AssoHotel Confesercenti boccia l’idea di Crisponi.

Più contrari che favorevoli. Non riscuote grande successo l’idea del consigliere regionale dei Riformatori, Luigi Crisponi, ex assessore al turismo (nella precedente Giunta Cappellacci) di istituire una “tassa di sbarco” per i turisti che approdano in Sardegna. Carlo Amaduzzi, presidente di AssoHotel Confesercenti, scrive: «Caro collega albergatore e politico, appena ho letto la tua bella “pensata” sulla tassa di sbarco, mi è venuta subito la riflessione: qualche amministratore di Liguria o Toscana, dopo aver sentito la tua proposta, applicherà una tassa di sbarco per tutti quelli come noi sardi che con le auto e le merci passiamo nelle strade delle loro regioni; così anche loro risolveranno il problema dell’ambiente». E aggiunge: «Ricordati che siamo già stratassati, e le tasse in Italia si devono diminuire con i risparmi, l’abolizione di sprechi e privilegi, e non bisogna inventarne nuove. Personalmente sono contrario a qualunque nuovo balzello, e questo graverebbe direttamente sul turismo e sullo sviluppo dell’isola».

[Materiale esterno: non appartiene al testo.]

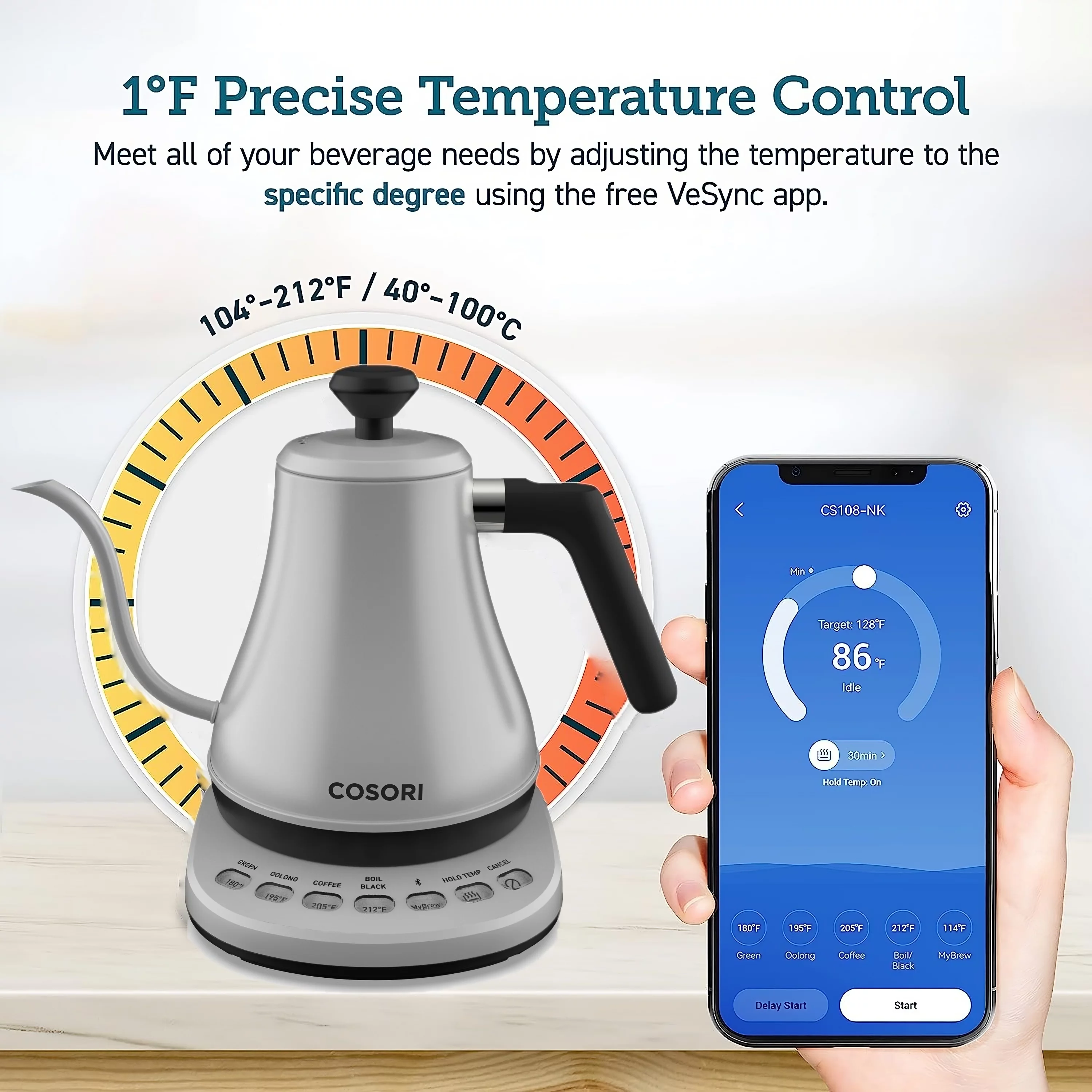 COSORI Smart Gooseneck Kettle Electric for Pour-Over Tea & Coffee with Variable Presets, Stainless Steel  ,0.8L, Gray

Considerazioni analoghe da parte di Antonello Peru (Forza Italia), vicepresidente del Consiglio regionale: «No alla tassa di sbarco per gli stessi motivi per cui ci siamo opposti alla tassa di soggiorno: rischia di annullare i benefici derivanti per esempio dalla tariffa unica sulla continuità aerea, che ha fatto salire a quattro milioni i passeggeri». Prosegue: «Occorre andare nella direzione opposta: rilanciare una politica di sgravi fiscali al consumo e intervenire per ridurre quelle tariffe navali che ancora oggi rappresentano il principale ostacolo allo sviluppo delle nostre potenzialità turistiche».